Dalam aksinya, para pengunjuk rasa juga mengibarkan bendera dari berbagai negara dan lembaga internasional, termasuk Amerika Serikat (AS) dan PBB. Itu dilakukan sebagai seruan kepada global untuk mendukung gerakan anti-ekstradisi China.
Dalam aksinya, para pengunjuk rasa banyak yang berpakaian hitam dan beberapa memakai topeng Guy Fawkes. Mereka memegang spanduk berwarna kuning dengan bertuliskan "Kembalikan Hong Kong, Saatnya Revolusi."
Dilansir The Wall Street Journal, Senin (30/9), aksi yang digelar pada Ahad itu tidak mengantongi izin dari kepolisian setempat. Karena itu, polisi berusaha memukul mundur para demonstran di sore hari, bahkan sebelum aksi dimulai.
"Kami bukan radikal, kami hanya ingin berjuang untuk masa depan yang lebih baik," kata seorang pengunjuk rasa yang masih berusia 15 tahun, John.

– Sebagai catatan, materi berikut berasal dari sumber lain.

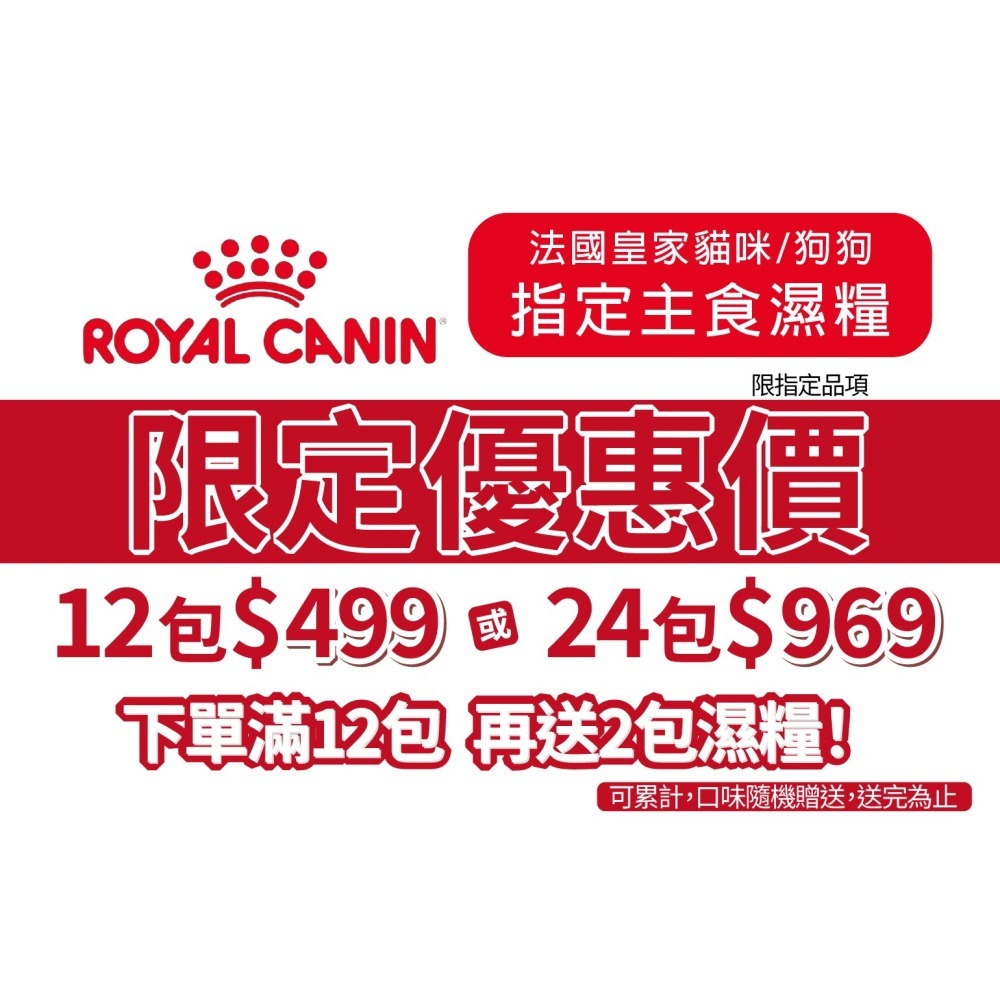【肥貓客棧】【活動主賣場】法國皇家 狗狗濕糧(原廠)(85g) 成犬 熟齡犬 狗濕糧 犬濕糧 ROYAL CANIN-細節圖2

"Kami ingin memberi tahu dunia bahwa kejahatan yang dilakukan oleh Partai Komunis juga bisa terjadi di sini," tambah John.
Di sepanjang rute demonstrasi, pengunjuk rasa merusak fasad bisnis Cina daratan, termasuk gerai bank-bank milik negara, kemudian memasang plakat anti-Partai Komunis dan slogan-slogan protes menggunakan cat semprot.
Diketahui, demonstrasi Hong Kong yang terus berlanjut, dipicu oleh rancangan undang-undang (RUU) ekstradisi yang memungkinkan tersangka akan diadili oleh sistem hukum China. Meskipun pemerintah Hong Kong secara resmi mencabut RUU tersebut awal bulan ini, gerakan protes masih terus berlanjut.
Pemerintah Hong Kong telah mengisyaratkan keinginannya untuk rekonsiliasi melalui dialog dalam beberapa pekan terakhir. Tetapi volume dan keganasan protes yang terus berlangsung menunjukkan bahwa strategi pemerintah tidak banyak berbuat untuk memadamkan kerusuhan.